Source material:
━━━━━━━━━━

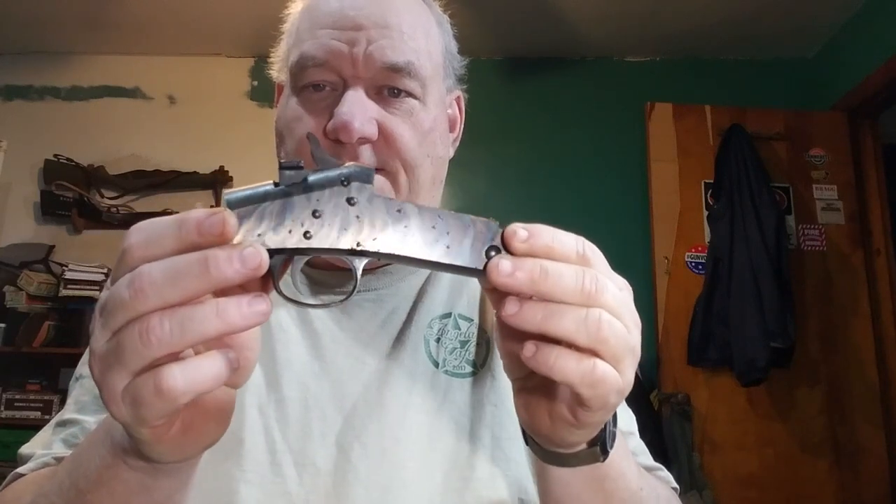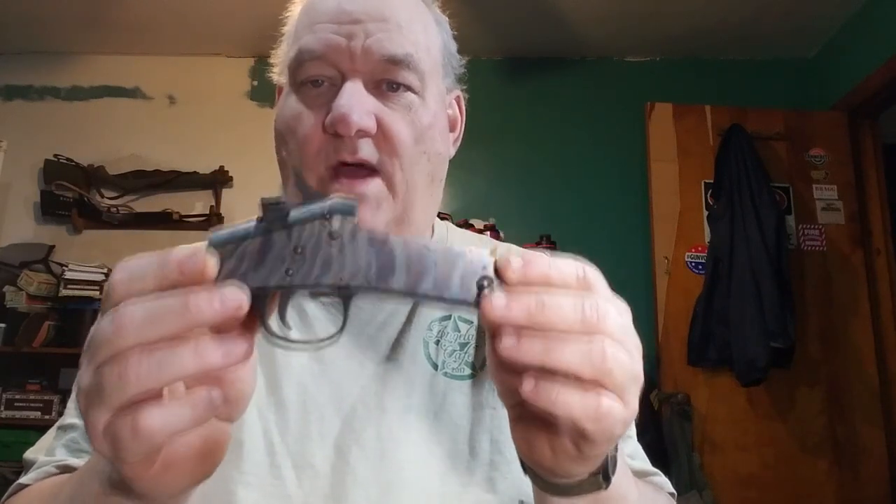I wanted to do a little video — something came up about a thing called color case hardening. Color case hardening, or case hardening — let's get a little better light here. Color case hardening: how does it get that way, why is it that way, and so forth.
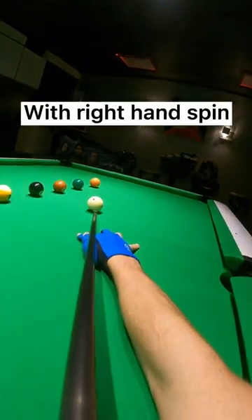Here I am playing low onto the white ball with right hand spin to come out one rail for position on the next shot.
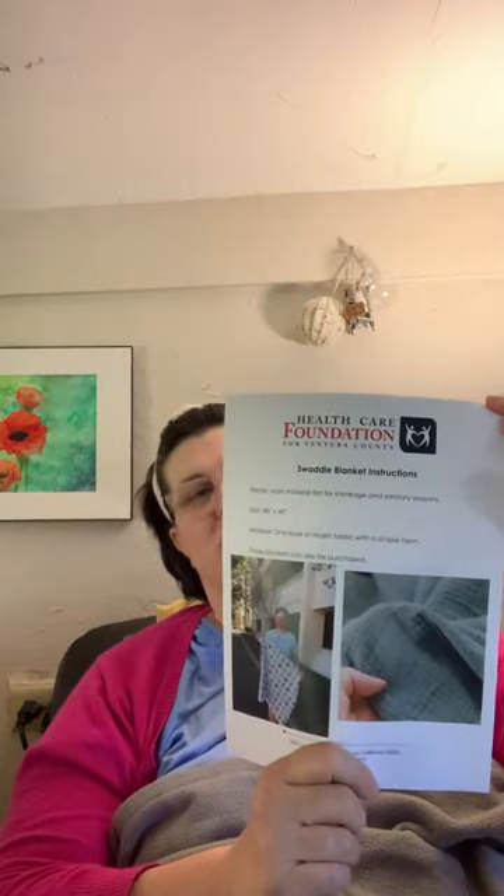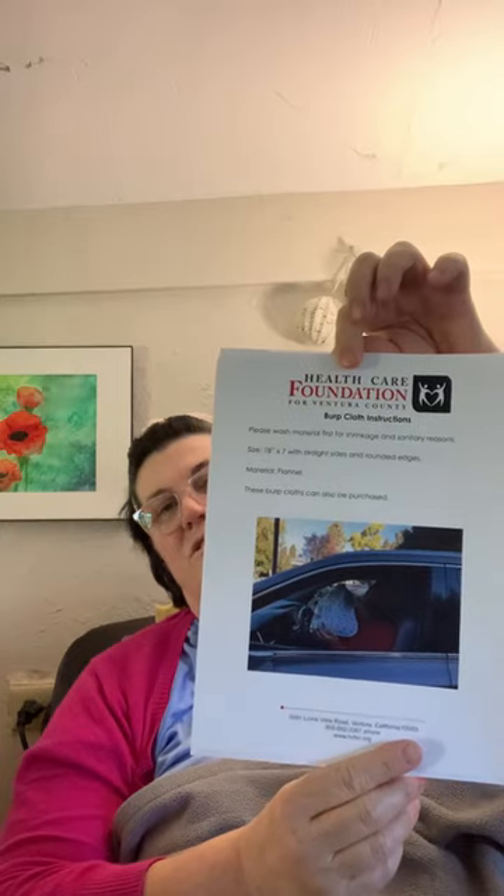Looks super simple. Another thing they like to receive is swaddle blankets, which is just hemming — it's muslin fabric with a simple hem. Another thing is burp cloths and there's instructions there too.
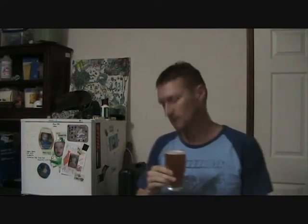It's about two weeks old and it seems to be going okay on carbonation. The head has sort of died — I think that might be the glass. I have had a couple of these since they were fully carbonated and the head was a lot better on those.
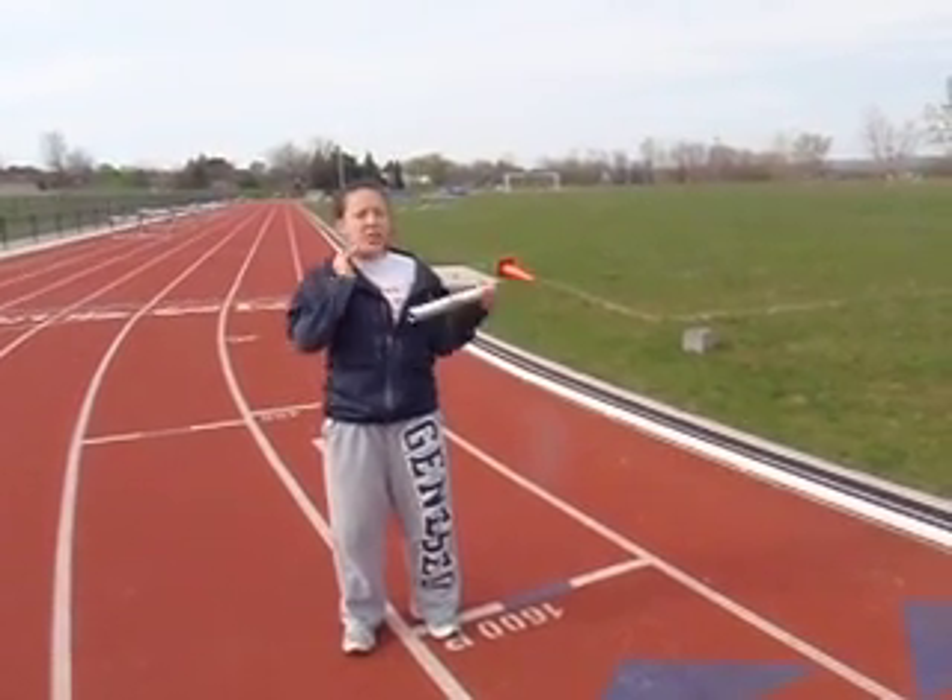You obviously need a baton. With closed handoffs it's essential that you have your athletes practice it, more specifically in their order, because they're definitely a little tricky to get down and get the hang of. You don't want it to come to the meet and all of a sudden they're in a new order with new people that they've never done this with before, having to do it for the first time.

━━━━━━━━━━

Task goal:
Although pictures appear among the entries, please set down only the lines from the one with "Here I am playing" up to and including the one with "Looks super simple.", word for word.

Your solution:
Here I am playing low onto the white ball with right hand spin to come out one rail for position on the next shot.
Looks super simple. Another thing they like to receive is swaddle blankets, which is just hemming — it's muslin fabric with a simple hem. Another thing is burp cloths and there's instructions there too.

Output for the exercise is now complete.